Alexis Denisof, who plays Carter/Lyndon’s father David Wilson, is a Maryland native whose first major television role was as recurring character Wesley Wyndam-Price on BUFFY THE VAMPIRE SLAYER. Wesley started out as something of a twit, but he became much richer and darker when Denisof became a series regular on BUFFY’s spinoff ANGEL. Since then, Denisof’s credits include recurring roles on DOLLHOUSE, HOW I MET YOUR MOTHER and GRIMM, a small but important part in the blockbuster THE AVENGERS and starring as Benedick in BUFFY/ANGEL creator (and AVENGERS writer/director) Joss Whedon’s feature film version of William Shakespeare’s MUCH ADO ABOUT NOTHING.
Denisof is at MTV’s portion of the Television Critics Association press tour to discuss FINDING CARTER. He sits down at a table in a quiet room to talk about playing a man traumatized by losing and then recovering a child. Denisof also recalls fellow ANGEL actor Andy Hallett, who passed away in 2009 at the age of thirty-three.

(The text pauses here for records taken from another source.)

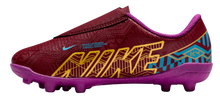 Cargar imagen en el visor de la galería, BOTAS NIKE MERCURIAL JR VAPOR 15 CLUB KM TF VELCRO
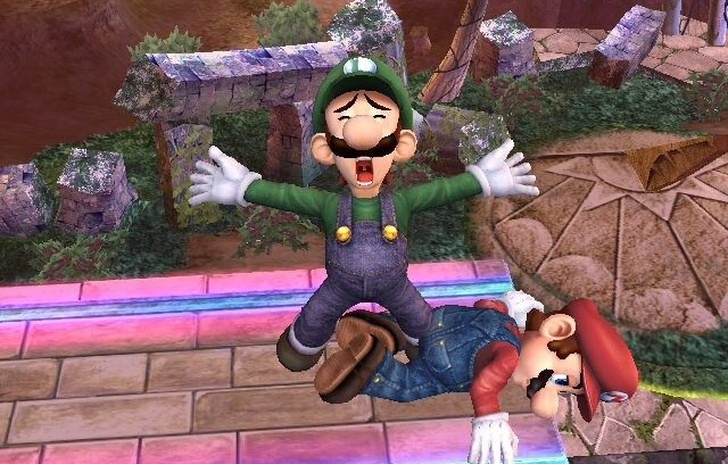 Nintendo sospende le vendite in Brasile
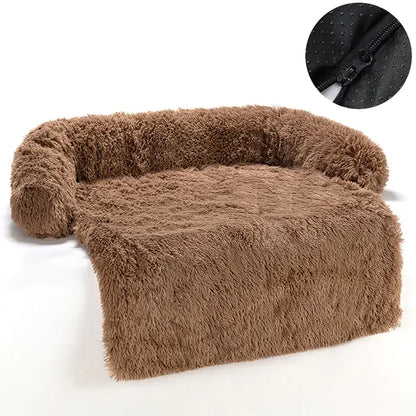 Coussin pour lit pour chien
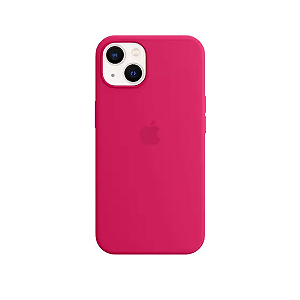 Capa de Silicone 13 Mini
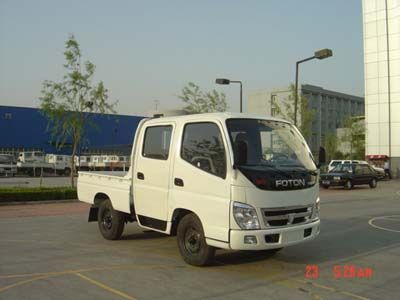 Aoling BJ1039V4AW3C1Truck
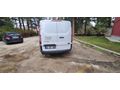 ORJİNAL SANDIK MOTOR OTOSAN TAKILDI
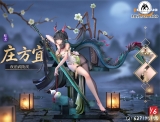 Оригінальна аніме фігурка &laquo;Mi Yin Studio - Zhuang Fangyi Arknights: Endfield&raquo;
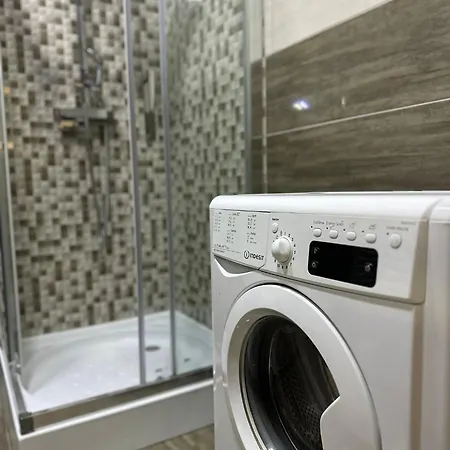 Apartment Goodmood Brasov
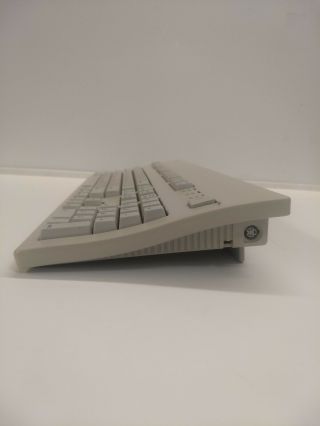Vintage 1990 Apple Extended Keyboard II - 4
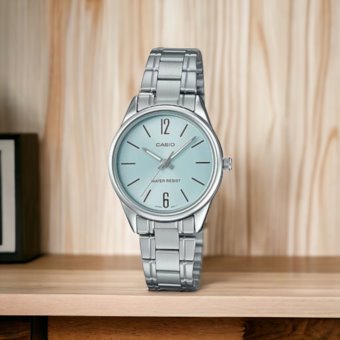Casio collection LTP-V005D-2BU
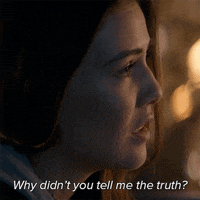 Cbs Drama GIF by Paramount+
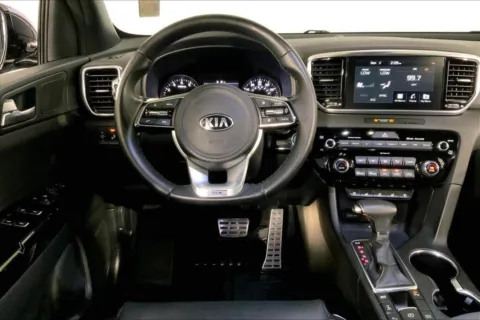 More photos of 2022 Kia Sportage SX Turbo at Cable Dahmer Kia of Lee's Summit, MO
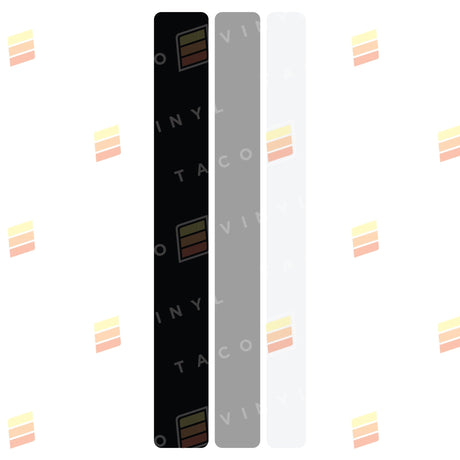 Medium Universal Stripes - Xtrusion Overland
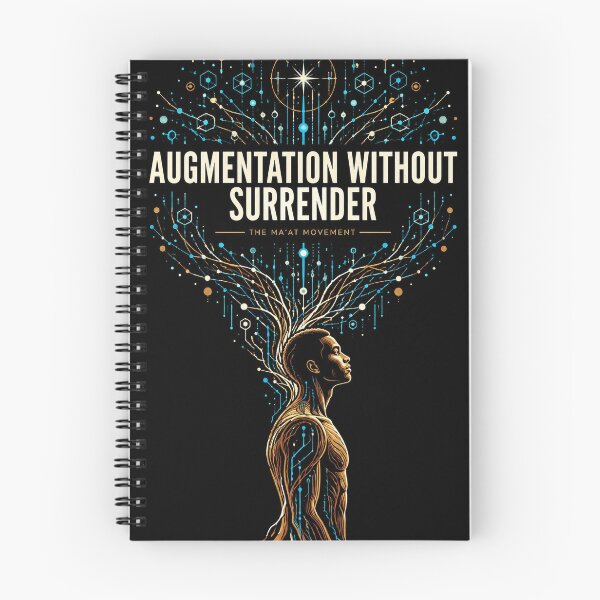 Item preview, Augmentation without surrender designed and sold by Japaholic.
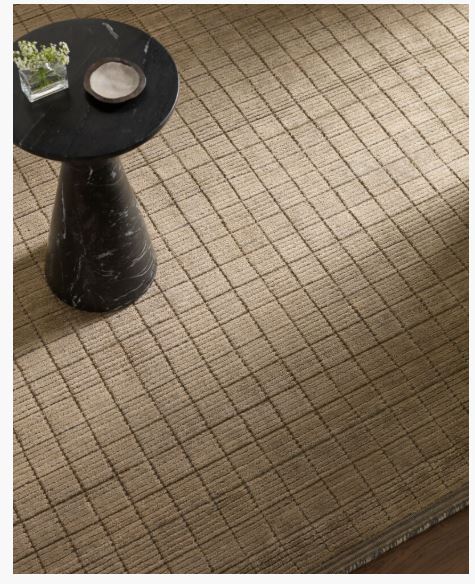 Carre Handmade Rug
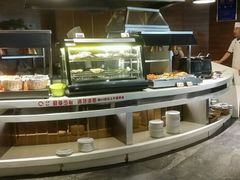-华府海鲜碳烤自助(万达店)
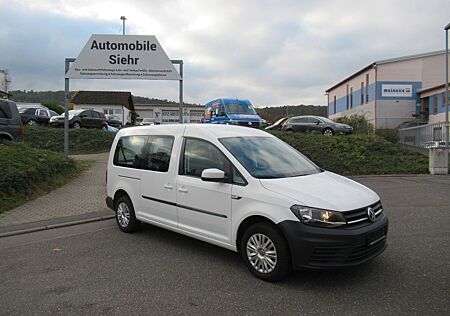 VW Caddy Volkswagen Maxi Trendline BMT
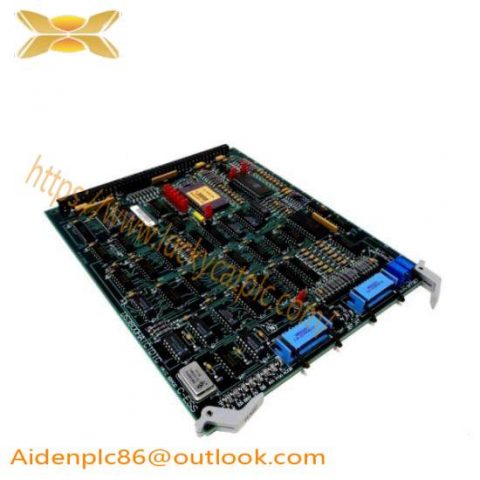 GE-FANUC DS3800HAIC1D1C Mark IV PLC
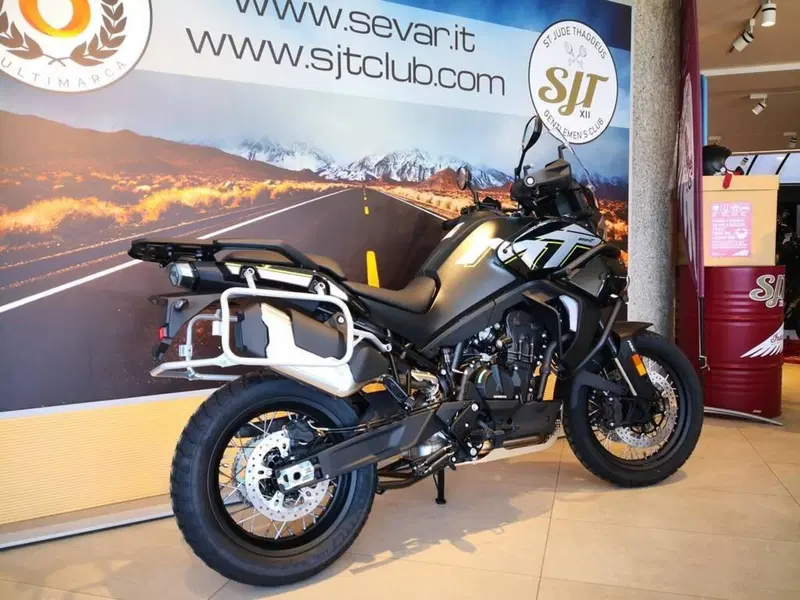 CFMOTO 800MT Explore (2023 - 26) (6)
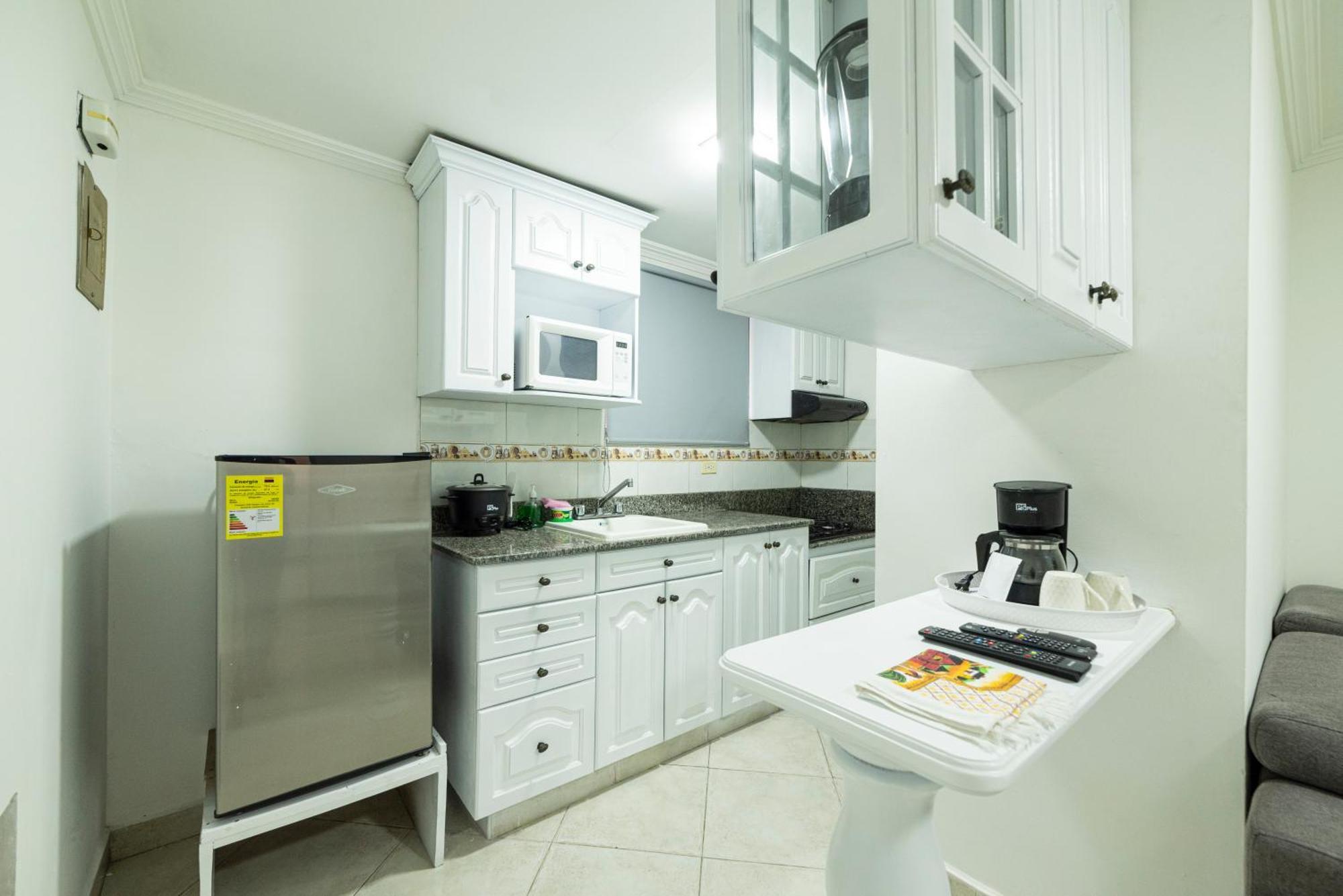 Apartamento Encantador Loft En Con Parking 306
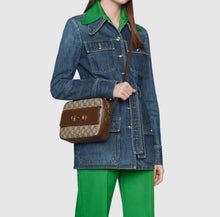 Load image into Gallery viewer, Gucci Horsebit 1955 small shoulder bag
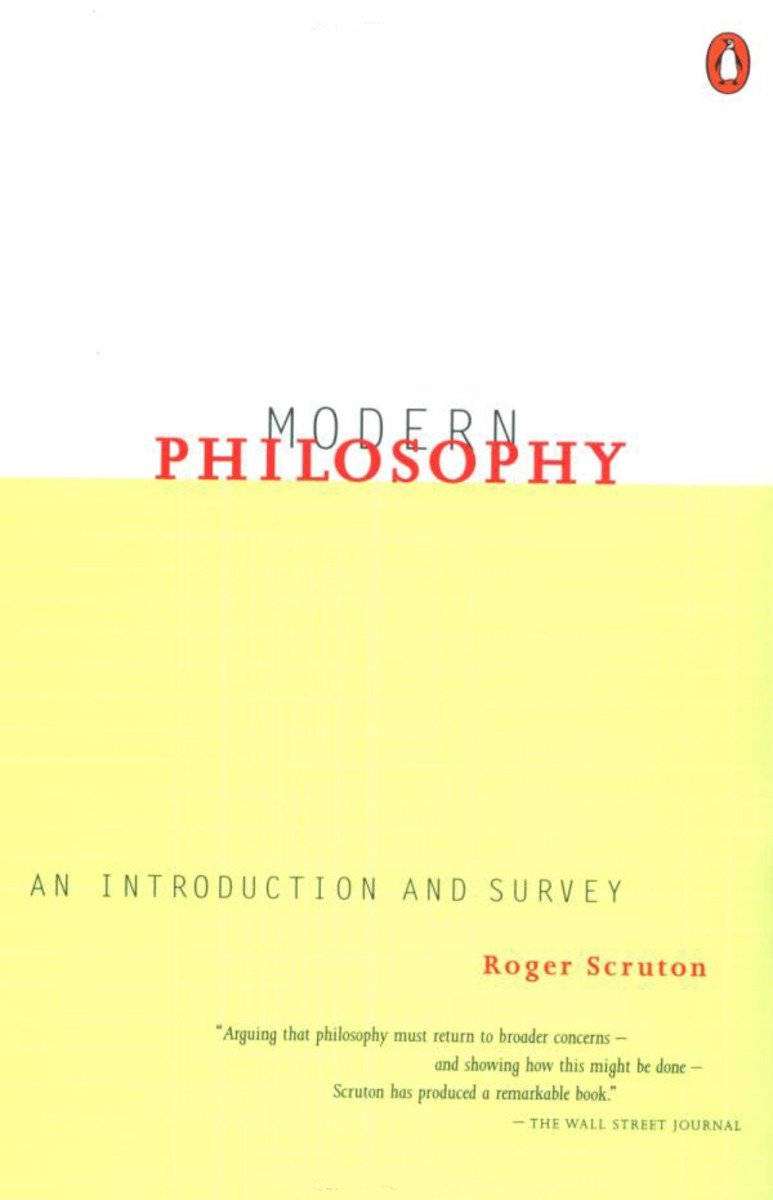 Modern Philosophy-Philosophy-買書書 BuyBookBook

ASSIGNMENT X: You’re a father in real life, but is this your first time playing a dad?
ALEXIS DENISOF: It feels like it, but I must have played a dad before. But this is the first substantial fathering role that I’ve had. And that’s part of why I was interested in it, because I am now several years into fatherhood in my own life, and it’s been the most extraordinary, wonderful, at times difficult but satisfying job I’ve ever had, being a father. And so to get the chance to examine that onscreen is very appealing. Now, I’m not saying that the father I am in life as the same as this onscreen father, because they’re very different. I just mean to say that part of my interest in this project was to look at fatherhood through the eyes of a drama.
AX: Are the kids on the show older than your actual children?
DENISOF: My youngest child on this show is twelve in the script, so yes. But the story will occasionally go back – not yet, but we will explore other times in the lives of these [people], and it’s very present, the early years of parenting is very present in the story, because Carter was abducted when she was three.
AX: Are you bringing anything that you know about parenting to playing the role, or is this giving you nightmares as an actual parent of, “What if this happened?”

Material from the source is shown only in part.